═══ Data provided ═══

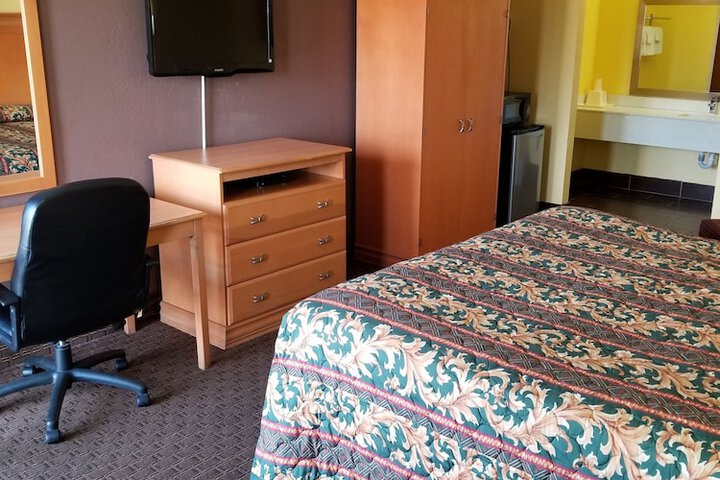 Classic Room 1 King Bed (3 of 6)
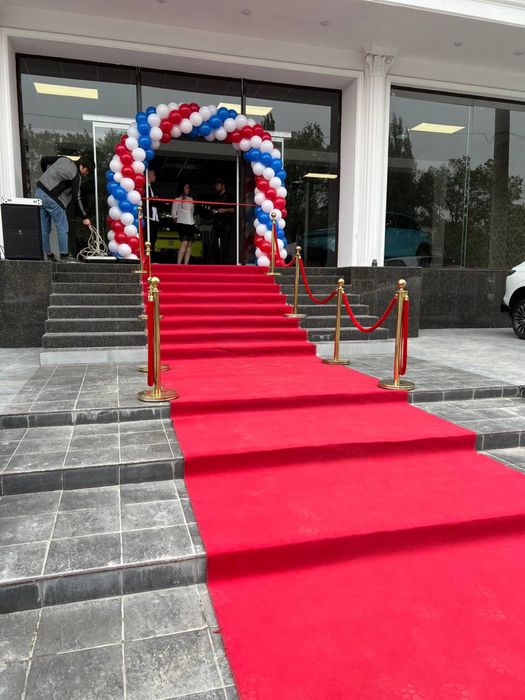 Золотые ограничительные стойки, президентские стойки, красная дорожка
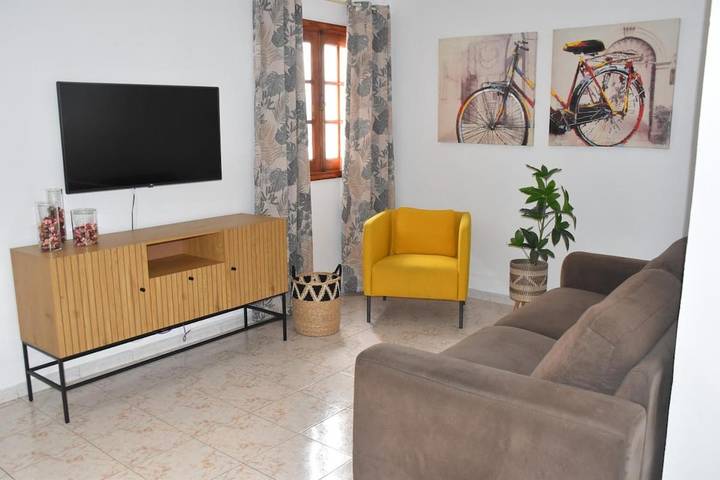 Gîte pour 4 personnes, avec vue sur le lac ainsi que balcon et vue, adapté aux familles dans Los Menores - 4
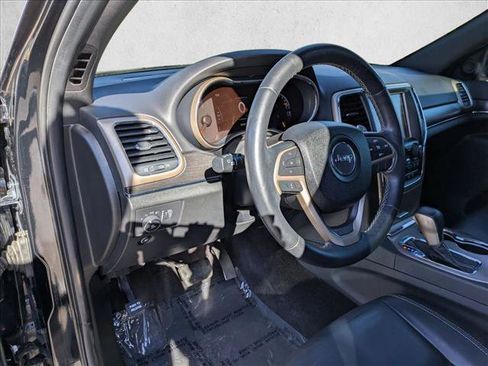 Used 2017 Jeep Grand Cherokee Limited image 9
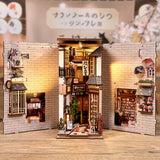 The Alley Waiting for the Cat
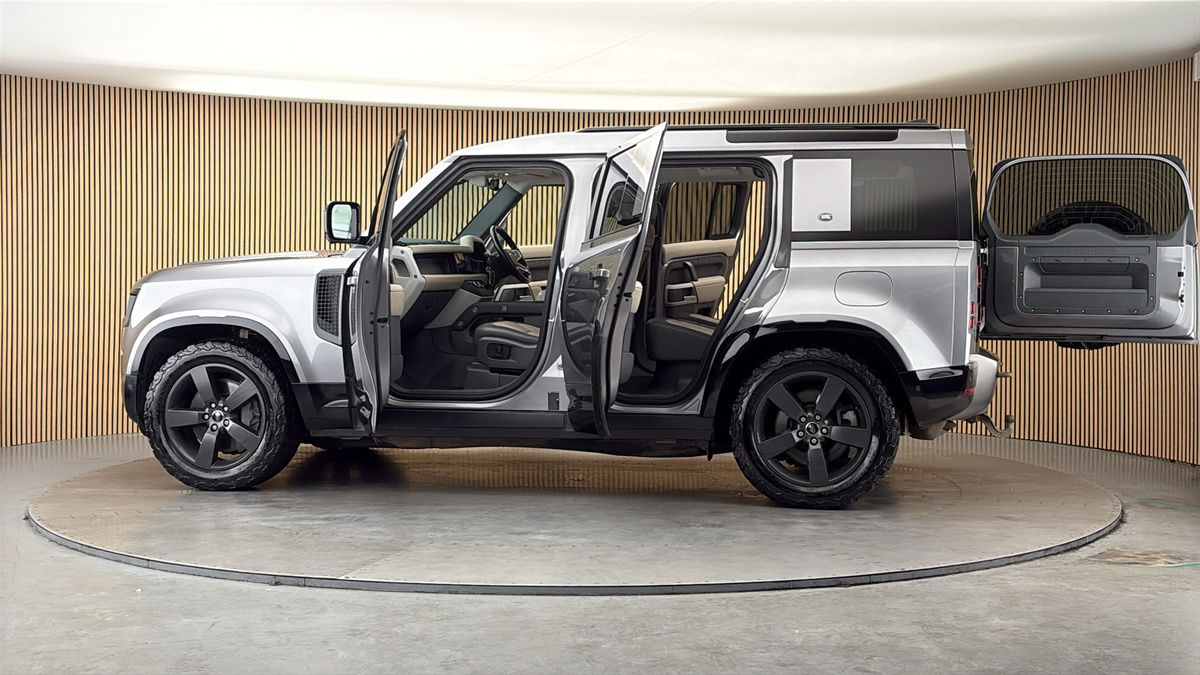 More views of Land Rover Defender 110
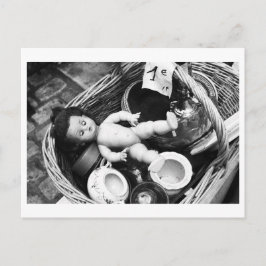 Puppenporträt - Puppe auf dem Flohmarkt Postkarte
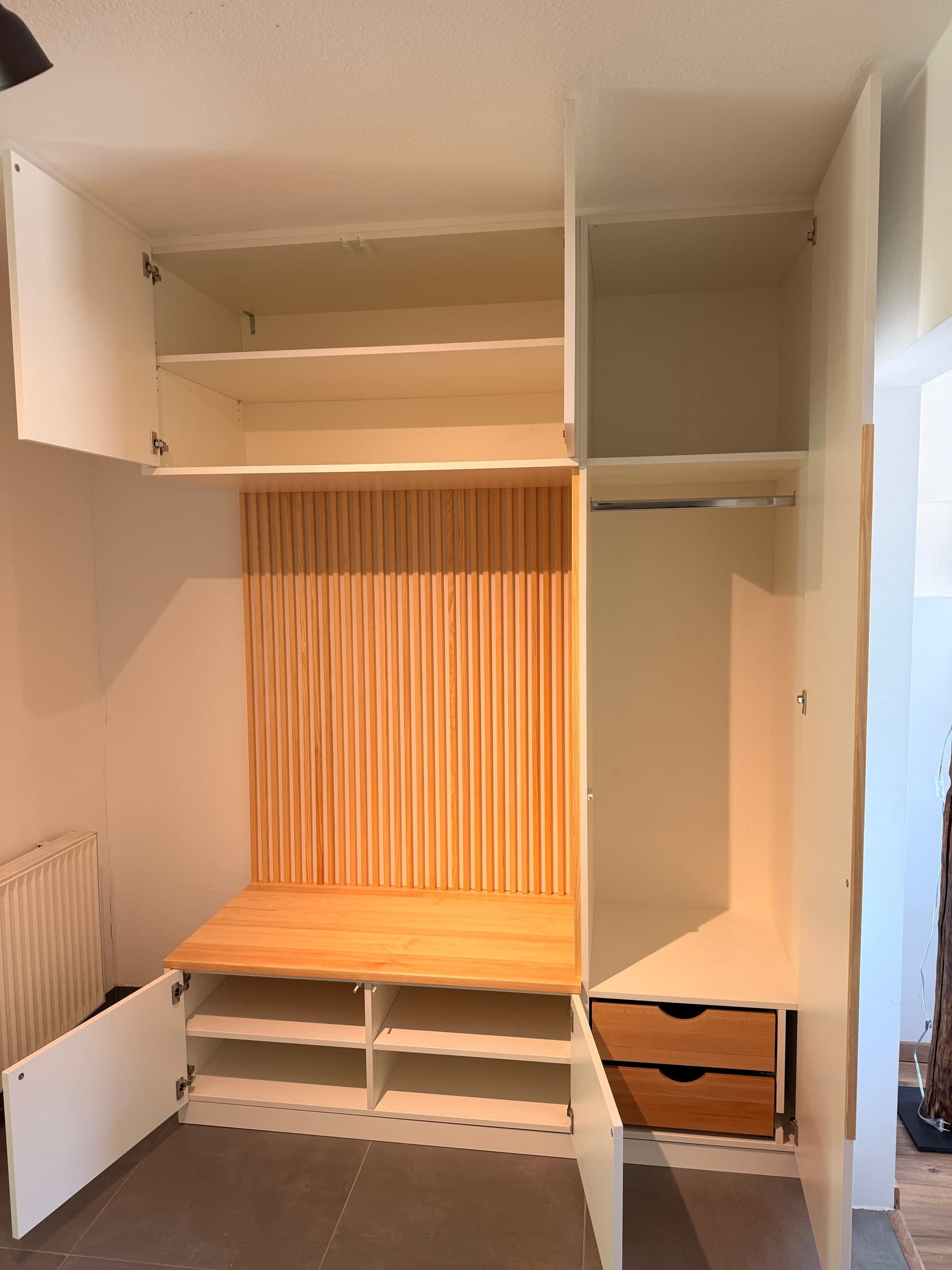 Garderobe mit Sitzbank aus Kiefer — Projekt Gauangelloch — Detail 9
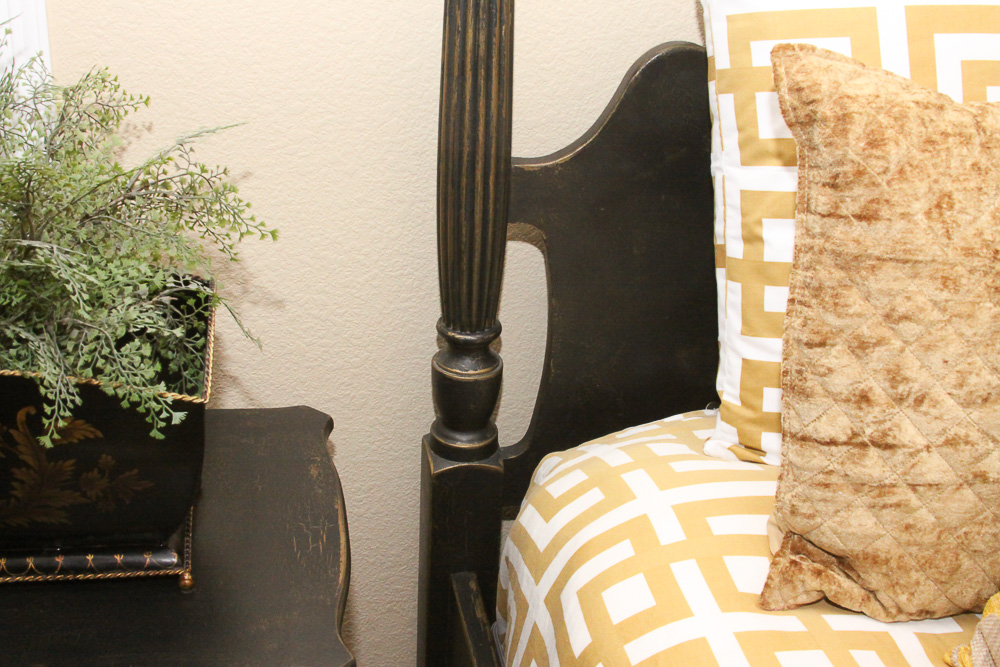 Chippendale-Style Four Poster Queen Bed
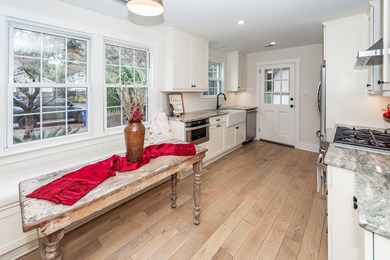 ''Santa Baby''; the perfect charming Terrace Cottage; Under the on Charleston Municipal Golf Course in South Carolina - for sale on GolfHomes.com, golf home, golf lot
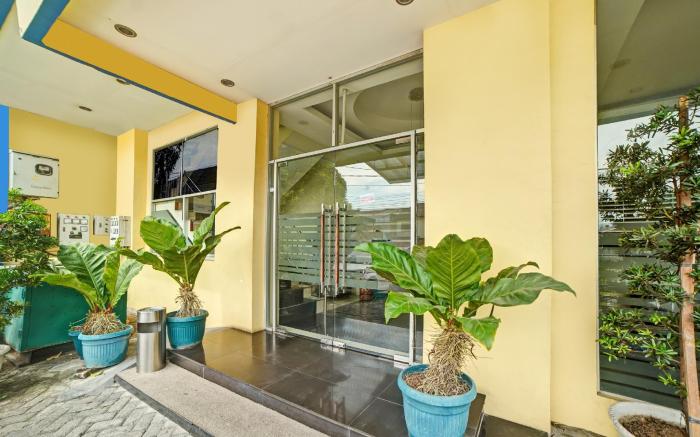 Super OYO 90565 Wesly House
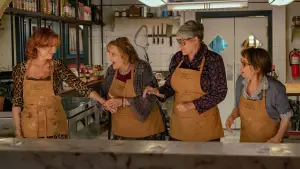 Backdrop to the movie "Nonnas" #595628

═══

## [Work to be completed]
I need the lines from the one containing "home, golf lot" through the end of the records retyped exactly, with the pictures left out.

## [Solution below]
 ''Santa Baby''; the perfect charming Terrace Cottage; Under the on Charleston Municipal Golf Course in South Carolina - for sale on GolfHomes.com, golf home, golf lot
 Super OYO 90565 Wesly House
 Backdrop to the movie "Nonnas" #595628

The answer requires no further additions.